Oder wie sonst kann man sich die Unterstützungswelle in den sozialen Medien für Irmgard Griss erklären, die nach ihrem ersten Zeit im Bild Auftritt schon zu Österreichs nächster Bundespräsidentin gelobt wurde? Sie antwortete konkret und ohne viel Geschwafel auf die ihr gestellten Fragen und blieb dabei authentisch. Wieso wurde diese Authentizität, die zweifelsfrei auch das Unikum Maria Fekter besitzt, bei dieser nicht in gleichem Maße gewürdigt? Weil Fekter unkonventionell agierte? Politisch, aber vor allem moralisch problematische Entscheidungen traf?
Die Politikerin mit der Stimme, mit dem wohl größten Wiederkennungswert des Landes, ist zweifelsfrei keine, die den Weg des geringsten Widerstandes geht. Man möchte fast glauben, sie zieht die Gelegenheiten des Aneckens direkt an und macht es zur Hauptaufgabe, sich in die Nesseln zu setzen.
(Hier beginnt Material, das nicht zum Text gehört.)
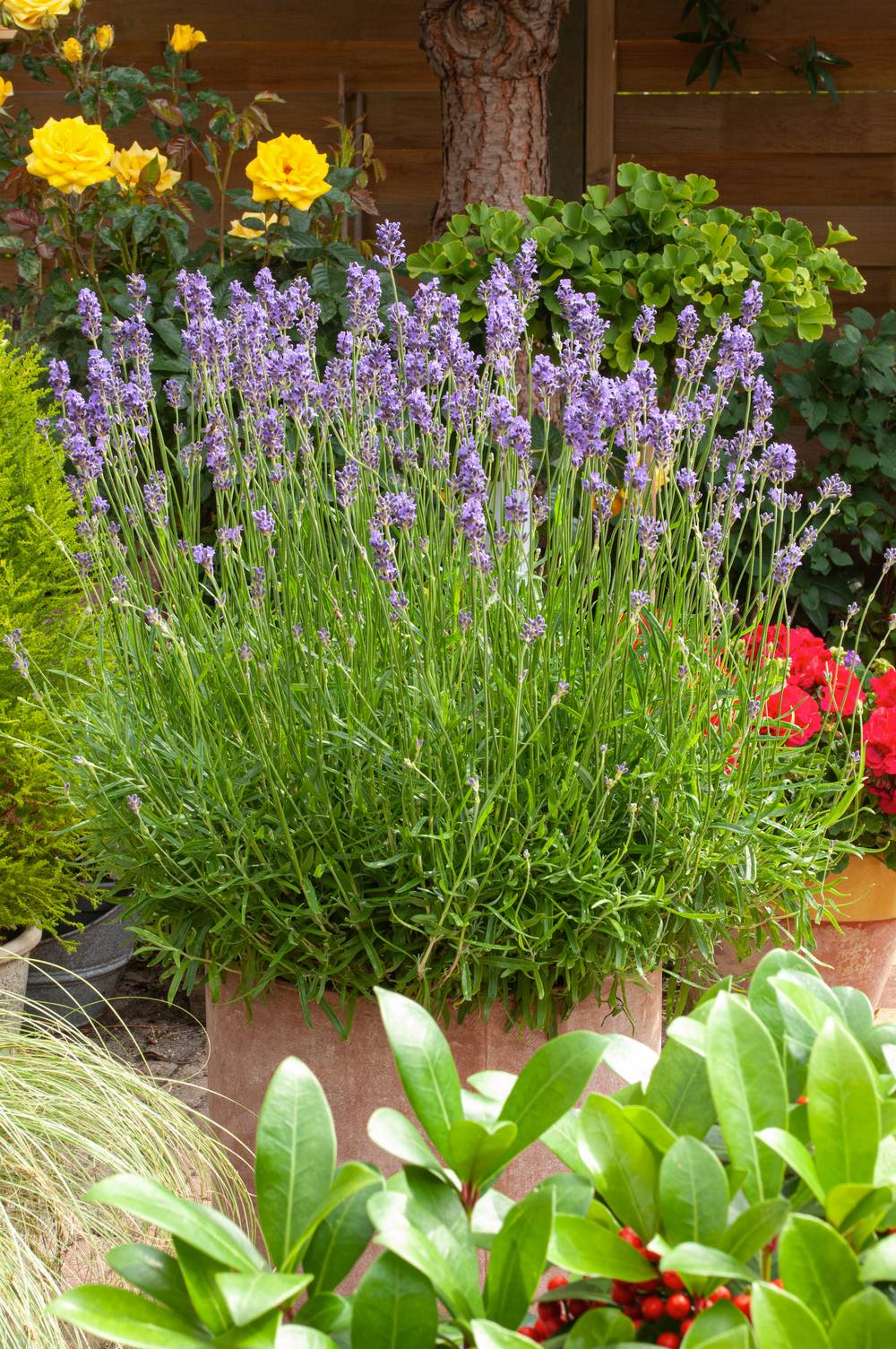 Lavandula angustifolia 'Munstead' - Lavande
Abgesehen von ihrer Politik – warum waren ihr Häme, Spott und vor allem die soziale Schelte immer sicher? Weil ihre Authentizität nicht der Vorstellung der breiten Masse entspricht? Weil sie mit ihrer direkten Art in geschützten Gebieten wildert? Weil sie gar eine Frau ist? „Authentizität ja, aber bitte nur so, wie ich will“, scheint der Tenor der österreichischen Bevölkerung zu sein. So funktioniert das nicht. Auch Maria Fekter hat das Recht, differenziert betrachtet zu werden. Wem es schon nicht gelingt, einzelne Personen differenziert zu betrachten, dem wird es bei komplexen, vielschichtigen Themen auch nicht gelingen.
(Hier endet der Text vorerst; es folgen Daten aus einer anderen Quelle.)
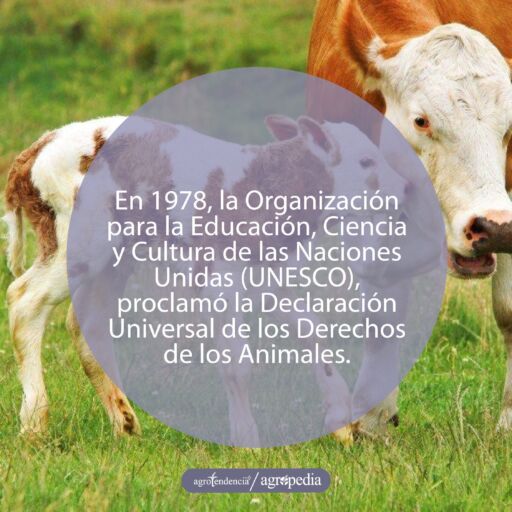 Una vaca con su becerro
Am 17.06.2015 entgleiste der NEOS-Abgeordnete Sepp Schellhorn verbal. Er witzelte über Fekters nicht mehr vorhandene Bikinifigur und erntete dafür vorallem via Twitter prompt heftige Kritik. Nebenbei schien Fekter für kurze Zeit zur Speerspitze des Feminismus zu avancieren. Natürlich ist diese Altherrenmanier und der dazugehörige Witz Schellhorns geschmacklos – er hat sich bereits öffentlich entschuldigt – nur wo war die Unterstützung für Fekter, als sie der Team-Stronach-Abgeordnete Luger im Zuge einer HYPO-Debatte als „betäubtes Faultier“ bezeichnete? Weil es bei der Bikiniaussage um den Feminismus und nicht um die Person Maria Fekter ging? Und wer empört sich im Sinne der armen Faultiere?
Man darf sich nicht wundern, wenn Politiker immer mehr zu Phrasendreschern werden, wenn sie bei jeder verbalen Entgleisung oder dem ein oder anderen Witz, an den virtuellen Pranger gestellt werden. Es bringt uns im Endeffekt gar nichts, wenn sich das Verhalten von Politikern nach der Gunst der Wähler richtet. Lassen wir sie sein, wie sie sind und entscheiden an der Wahlurne. Diese Art von Konformismus, der aufgrund von fehlgeleiteter Charakterverbiegung droht zu entstehen, mag zwar auf den ersten Blick als richtig empfunden werden, kann aber zu einem grundsätzlichen Verbergen der persönlichen Haltungen führen, welches in letzter Konsequenz der Politik mehr schadet, als bereits gefallene, scheinbar untragbare Aussagen. Authentisch zu sein ist zwar oft nicht einfach, aber möglich. Maria Fekter ist es, und dafür hat sie meinen Respekt.